In the present study, we found that SNP2(rs1800470, T > C) and SNP5 (rs11466345, A > G)were significantly associated with CWP risk. SNP2(rs1800470) is an exon polymorphism whose T > Ctransition is at nucleotide +869, which leads to the Leu10Pro amino acid substitution. Previous studies reported that TGF-β1 gene variants were important genetic modifiers of lung disease progression since the genotypes of +869T/C (rs1800470) can influence TGF-β1 plasma levels[22,23]. The SNP5 is an intronic polymorphism whose functional consequences are less intuitive, but intronic polymorphisms have been reported to be associated with a variety of chronic diseases including breast cancer[24], essential hypertension[25]and typeⅡ diabetes[26]. By analyzing the putative transcription factors for TGF-β1 from the Genomatix program (http://www.genomatix.de), the SNP5 A locus is found to be centered in a 21 bp that is nearly identical to the Tax/CREB complex binding site, and the SNP5 G locus is in 25bp nearly identical to the arylhydrocarbon-receptor nuclear translocator (ARNT). SNP5 (rs11466345) variants may influence the affinities of Tax/CREB complex and/or ARNT with the binding sites. Although exact molecular mechanisms underlying variation in SNP5 and the ability to increase risk of CWP are unknown, it is possible that this SNP may exert an effect on gene expression and be in linkage disequilibrium with other functional variants.
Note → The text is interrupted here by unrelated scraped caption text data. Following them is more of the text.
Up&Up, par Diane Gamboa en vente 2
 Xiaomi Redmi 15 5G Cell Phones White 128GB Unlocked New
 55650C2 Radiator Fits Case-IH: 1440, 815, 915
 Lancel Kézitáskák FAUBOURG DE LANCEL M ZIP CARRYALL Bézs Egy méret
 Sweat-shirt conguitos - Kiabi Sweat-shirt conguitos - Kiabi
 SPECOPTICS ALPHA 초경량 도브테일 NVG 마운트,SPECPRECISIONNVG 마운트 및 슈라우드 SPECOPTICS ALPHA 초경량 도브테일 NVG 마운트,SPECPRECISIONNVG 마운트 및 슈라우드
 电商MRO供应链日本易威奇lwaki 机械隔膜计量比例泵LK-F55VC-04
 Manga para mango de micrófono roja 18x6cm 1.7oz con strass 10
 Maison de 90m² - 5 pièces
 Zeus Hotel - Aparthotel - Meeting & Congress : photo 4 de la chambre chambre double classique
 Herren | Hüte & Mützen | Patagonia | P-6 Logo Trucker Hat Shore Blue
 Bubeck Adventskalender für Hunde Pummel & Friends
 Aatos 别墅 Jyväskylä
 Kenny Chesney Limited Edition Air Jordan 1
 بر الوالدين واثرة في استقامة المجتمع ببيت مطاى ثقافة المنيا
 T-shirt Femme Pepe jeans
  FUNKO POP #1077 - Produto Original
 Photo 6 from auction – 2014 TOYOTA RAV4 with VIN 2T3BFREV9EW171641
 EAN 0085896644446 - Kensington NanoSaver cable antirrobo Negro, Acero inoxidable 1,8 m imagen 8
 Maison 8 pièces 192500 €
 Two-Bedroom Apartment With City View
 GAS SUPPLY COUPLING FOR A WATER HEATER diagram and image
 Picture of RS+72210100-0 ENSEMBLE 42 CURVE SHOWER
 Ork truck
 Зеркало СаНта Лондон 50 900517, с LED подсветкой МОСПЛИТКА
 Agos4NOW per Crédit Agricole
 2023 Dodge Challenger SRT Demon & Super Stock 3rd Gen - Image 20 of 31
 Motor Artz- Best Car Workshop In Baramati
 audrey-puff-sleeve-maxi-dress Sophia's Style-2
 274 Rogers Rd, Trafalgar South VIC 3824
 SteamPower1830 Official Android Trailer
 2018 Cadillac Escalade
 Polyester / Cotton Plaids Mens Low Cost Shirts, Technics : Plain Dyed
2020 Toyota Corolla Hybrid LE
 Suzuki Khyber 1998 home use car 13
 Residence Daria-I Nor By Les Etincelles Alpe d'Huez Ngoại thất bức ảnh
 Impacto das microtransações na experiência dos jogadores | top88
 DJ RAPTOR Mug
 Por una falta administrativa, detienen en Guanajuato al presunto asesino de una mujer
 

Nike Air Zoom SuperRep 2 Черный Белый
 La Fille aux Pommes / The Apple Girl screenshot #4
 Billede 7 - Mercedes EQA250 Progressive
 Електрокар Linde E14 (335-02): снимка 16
However, further investigation is required to confirm these hypotheses.

Table 6 Stratification analysis between the genotypes of SNP5 rs11466345 polymorphism and CWP risk

Studies on the associations between the TGF-β1 gene polymorphisms and susceptibility of lung fibrosis have been reported[11,12,27], but with few involved CWP. Yucesoy et al[16]found no association in coal miners between TGF-β1 genetic variations of promoter region (rs1800469) in patients with susceptibility to progressive massive fibrosis. In the present casecontrol study, 5 tSNPs of TGF-β1 were examined,and data showed that although the result of SNPs in promoter region was similar to the study reported by Yucesoy et al[16], the variants in exon 1 (rs1800470)and intron 5 (rs11466345) were associated with susceptibility to CWP development.

In this study, cases and controls matched very well in work type and exposure period, which were the most important matching indicators. The smoking frequency of cases was not significantly different from controls, but over 50% smoking cases stopped smoking, much higher than that of controls (13.86%), due to the breathing problems. The age was not matched very well and this needs to be improved in later studies. The frequencies of SNP3 and SNP4 genotypes in controls and the frequencies of SNP1 and SNP5 genotypes in cases were in agreement with Hardy-Weinberg equilibrium, which indicated that our controls may differ from the general population since the controls were from underground miners who had the same dust exposure as the cases, but without lung fibrosis. Therefore, a control group from the local general population is needed in a future study.

In conclusion, our study demonstrated that some representative genetic variants in TGF-β1 may exert a role in the risk of CWP development. Studies with ethnically diverse populations and functional evaluation are warranted to confirm our findings.